Notes for a Speech on (Canadian) Flagmaking

by Dale Lakevold
Excerpts of the 2004 installation at the Art Gallery of Southwestern Manitoba

This excerpt from Notes for a Speech on (Canadian) Flagmaking is Part One of a four-part narrative. The audio adaptation of the full script has a running time of about 45 minutes. In the story, a character called the Flagmaker rehearses a speech about how he first began to make his extravagant versions of the Canadian flag. His speech details a picaresque adventure across Canada that ends in Brandon, where he narrates his story from inside his studio overlooking the train yards and the Assiniboine River.

The audio adaptation was produced by Derek Gunnlaugson and Dale Lakevold. The voice of the Flagmaker is Steven Ratzlaff, and his performance was recorded by David Kattenberg.

The adaptation was produced in 2003 as part of an audio installation at the Art Gallery of Southwestern Manitoba in Brandon. The character’s fictional studio was created inside the gallery by Shandra MacNeill with the assistance of Grant Curle.
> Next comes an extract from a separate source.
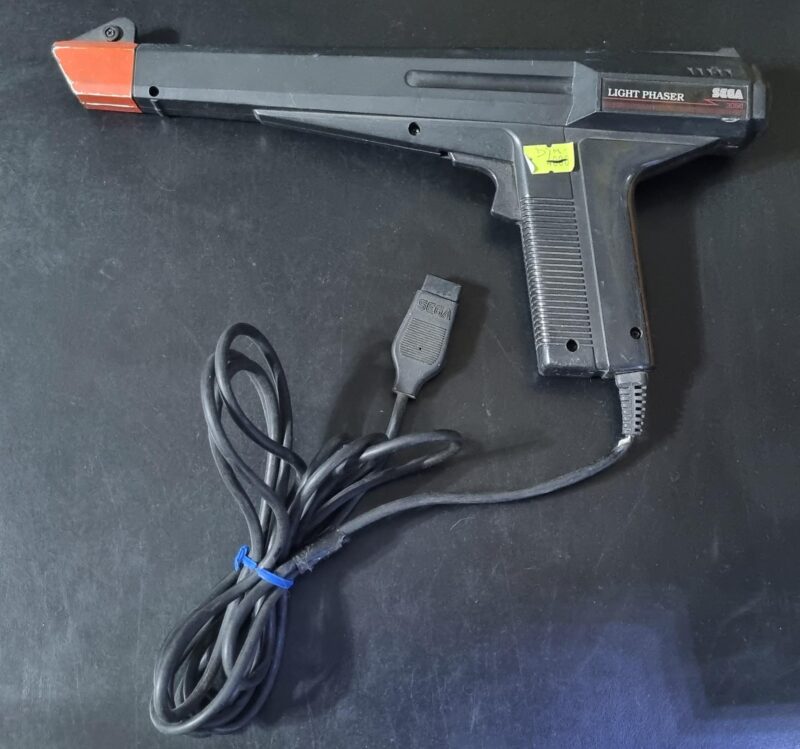 The Sega Light Phaser pour Sega Master System - Neuf - SCELLE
The installation consisted of two parts: the audio recording of the text and the creation of the character’s studio in the gallery, within which the audio played on a continuous loop. The installation thus became both a theatre space and a stage for the performance of a radio drama. The audience occupied the “imaginary space” of the play and experienced an immersion into the Flagmaker’s melodramatic crucible–the interior space of his mind and a darkened, womb-like environment of sound and object. As Marshall McLuhan reminds us, “Radio returns us to the dark of the mind, to the invasions from Mars and Orson Welles, it mechanizes the well of loneliness that is acoustic space.”